Task -> Within the listing that follows, reproduce exactly the lines starting at the line with "Flizelin fotótapéta Arany" and ending at the line with "32387080C50-春夏專櫃藍色牛仔短褲7080C 休閒褲", inclusive, and only those. Pictures are dropped.

Data for this exercise ->

——

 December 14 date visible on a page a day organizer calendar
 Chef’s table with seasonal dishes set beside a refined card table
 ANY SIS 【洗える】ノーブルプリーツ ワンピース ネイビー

——

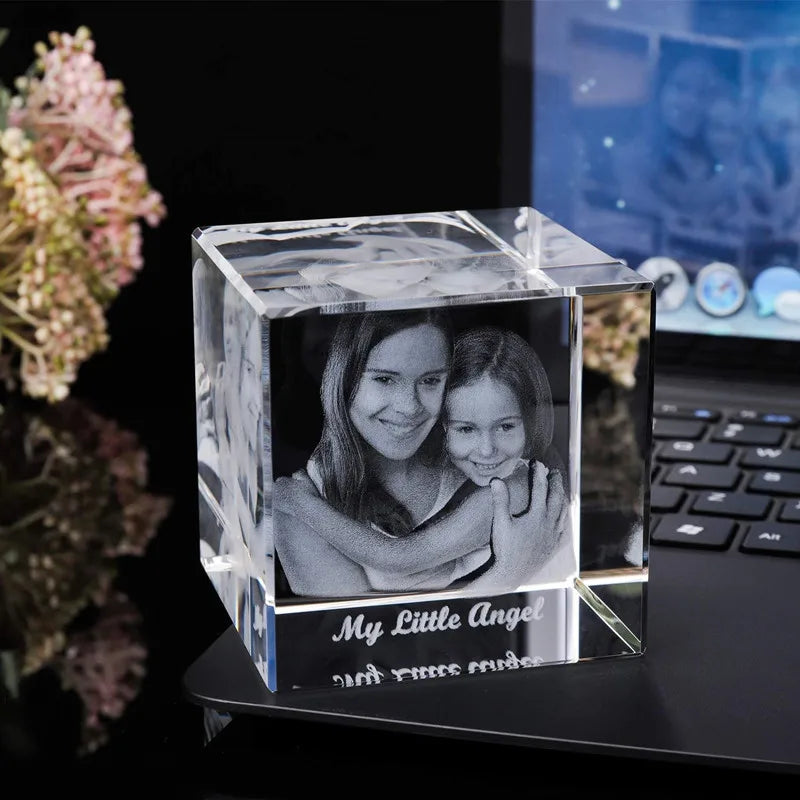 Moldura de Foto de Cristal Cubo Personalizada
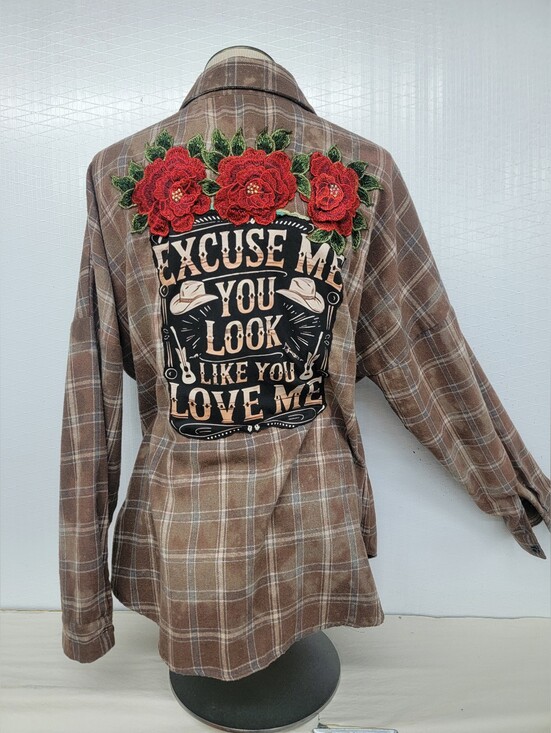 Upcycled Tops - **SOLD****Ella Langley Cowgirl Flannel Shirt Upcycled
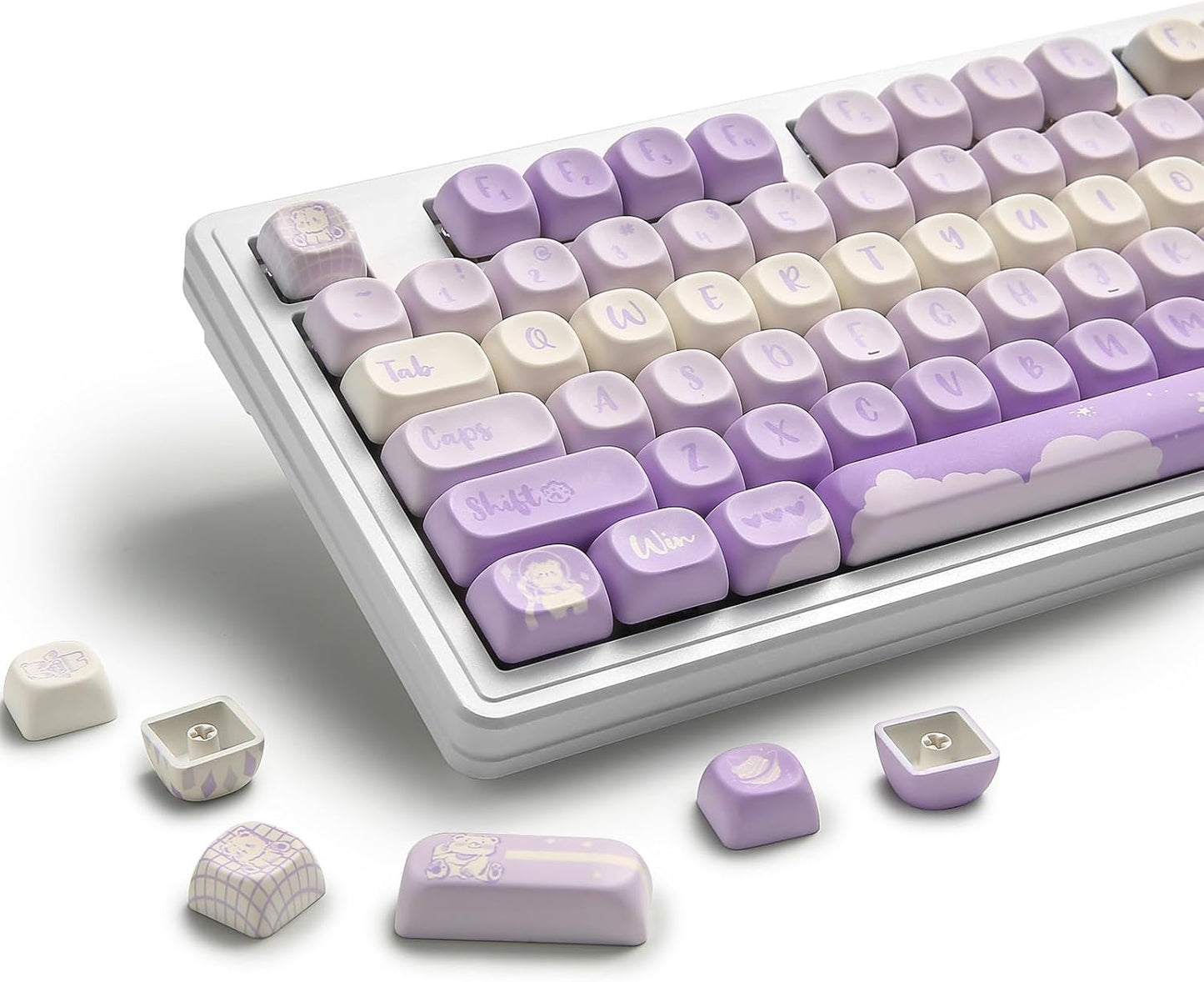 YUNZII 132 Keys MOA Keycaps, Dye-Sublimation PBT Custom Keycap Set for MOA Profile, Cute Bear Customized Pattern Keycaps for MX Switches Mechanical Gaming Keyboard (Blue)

——

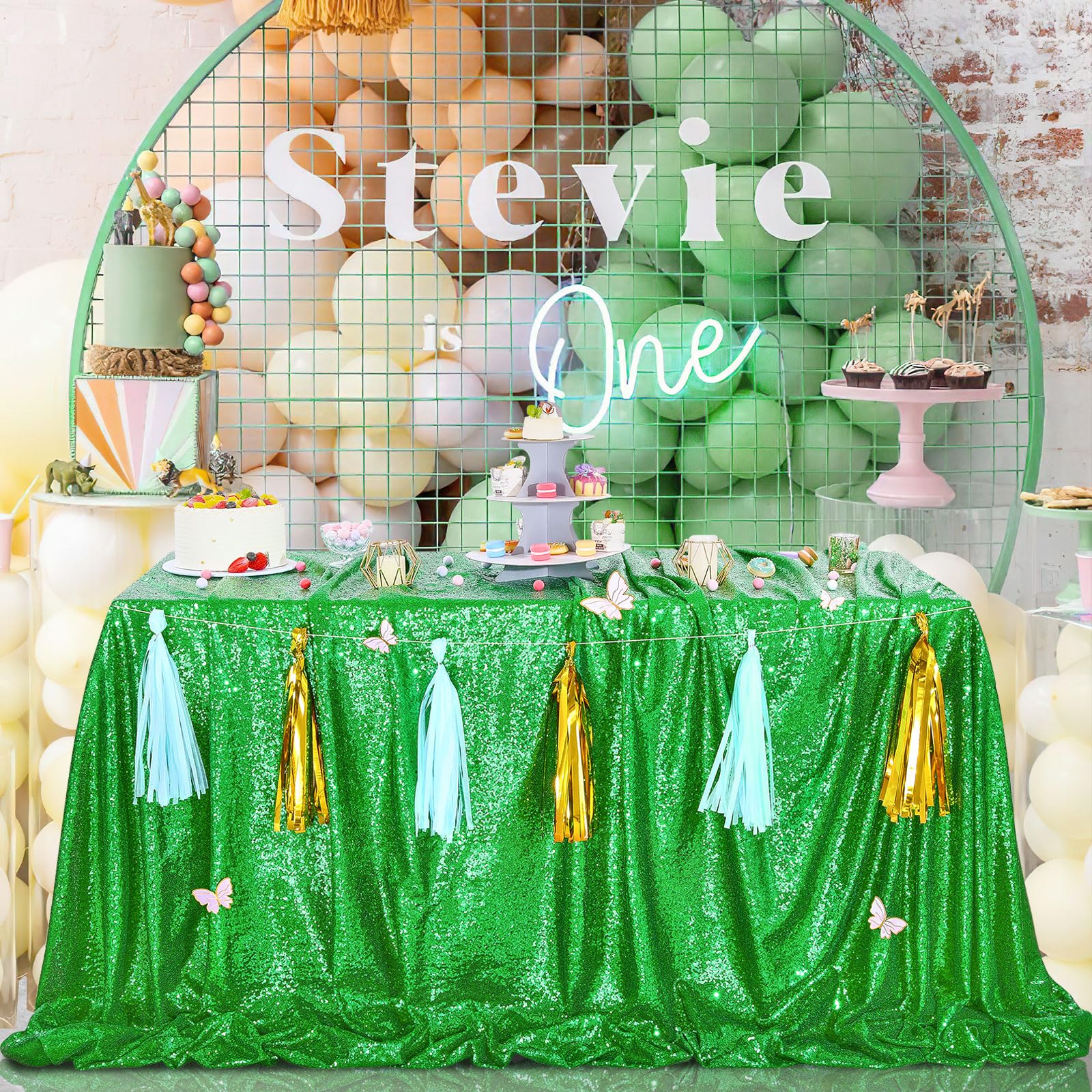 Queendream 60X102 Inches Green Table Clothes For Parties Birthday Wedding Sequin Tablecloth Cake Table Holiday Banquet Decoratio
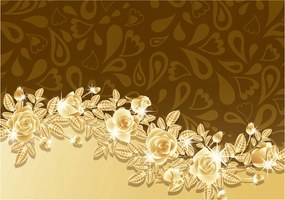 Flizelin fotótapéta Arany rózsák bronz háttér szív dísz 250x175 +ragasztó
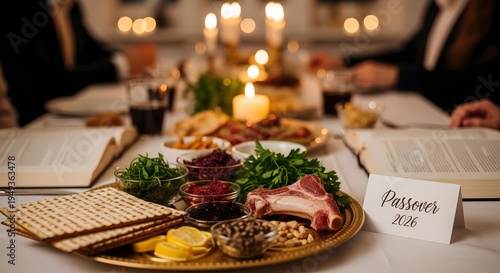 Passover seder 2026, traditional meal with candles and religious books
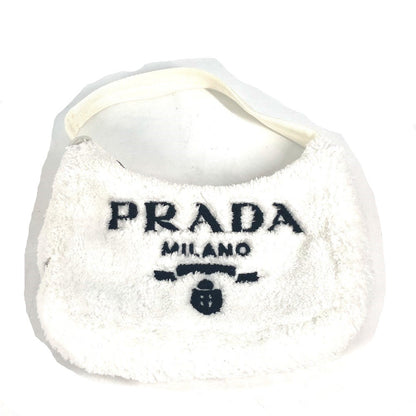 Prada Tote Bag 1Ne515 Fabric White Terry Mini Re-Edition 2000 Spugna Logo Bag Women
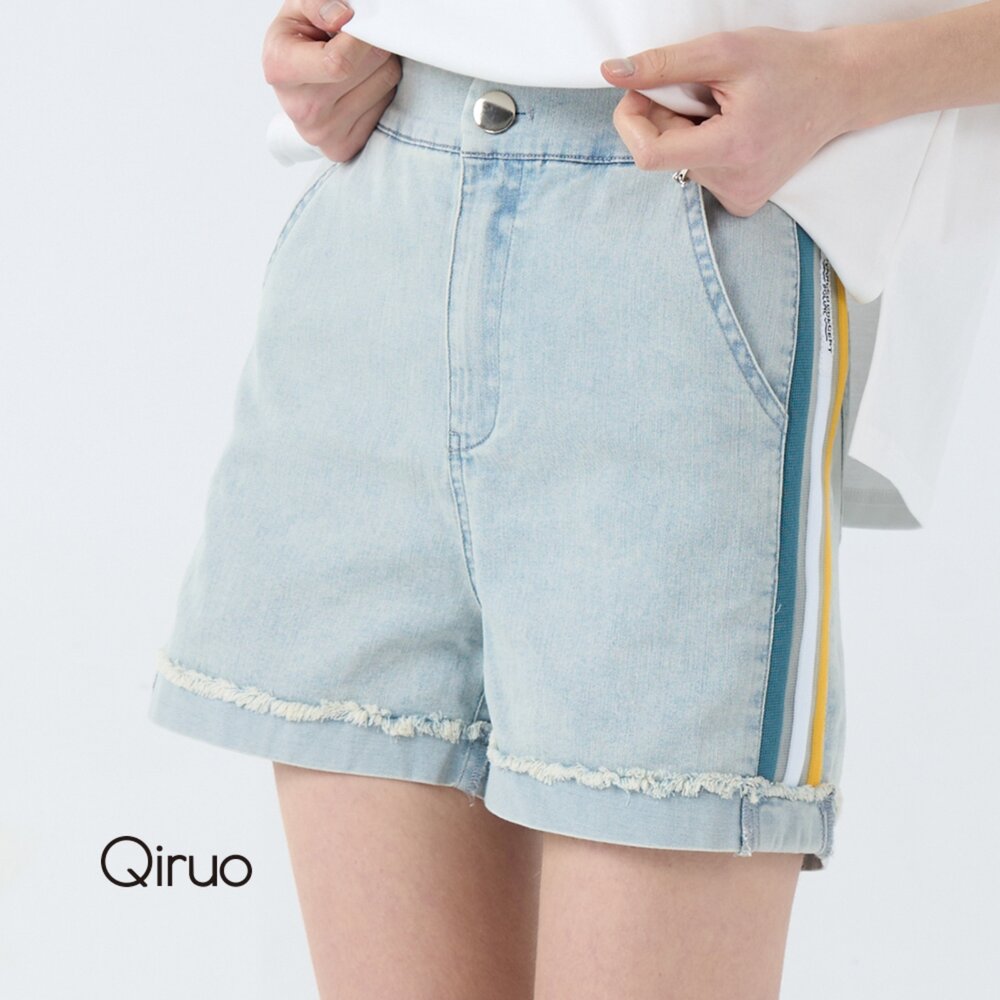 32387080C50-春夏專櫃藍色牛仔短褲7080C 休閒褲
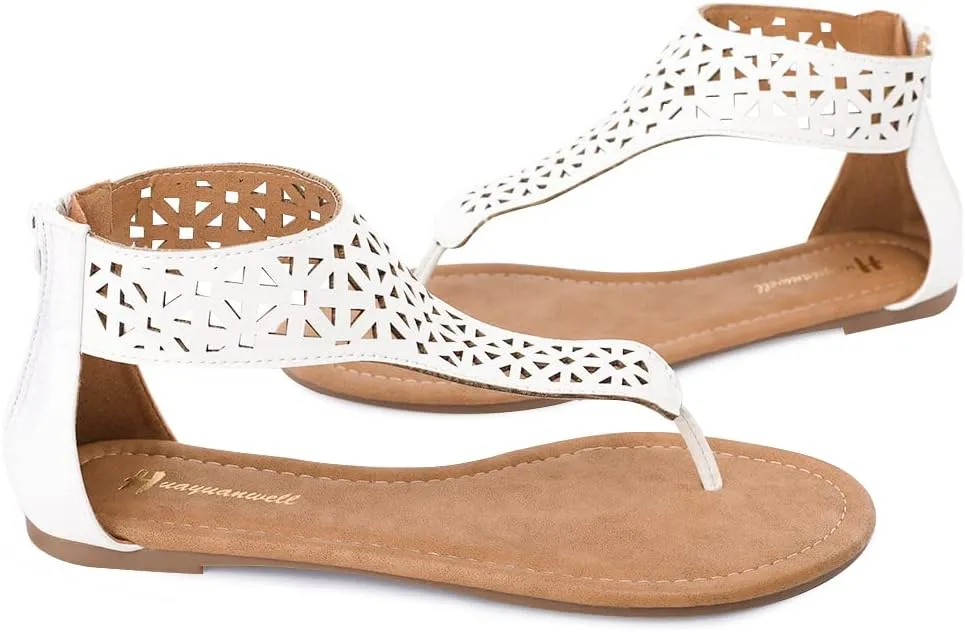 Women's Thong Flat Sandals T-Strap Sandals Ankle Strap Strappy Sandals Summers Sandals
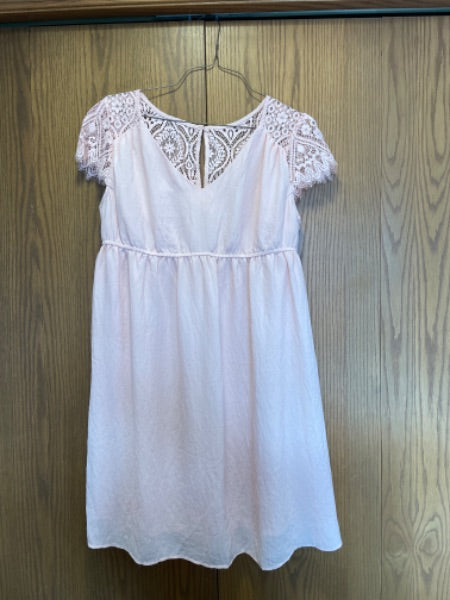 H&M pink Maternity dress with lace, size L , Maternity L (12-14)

——

Response to the task ->
 Flizelin fotótapéta Arany rózsák bronz háttér szív dísz 250x175 +ragasztó
 Passover seder 2026, traditional meal with candles and religious books
 Prada Tote Bag 1Ne515 Fabric White Terry Mini Re-Edition 2000 Spugna Logo Bag Women
 32387080C50-春夏專櫃藍色牛仔短褲7080C 休閒褲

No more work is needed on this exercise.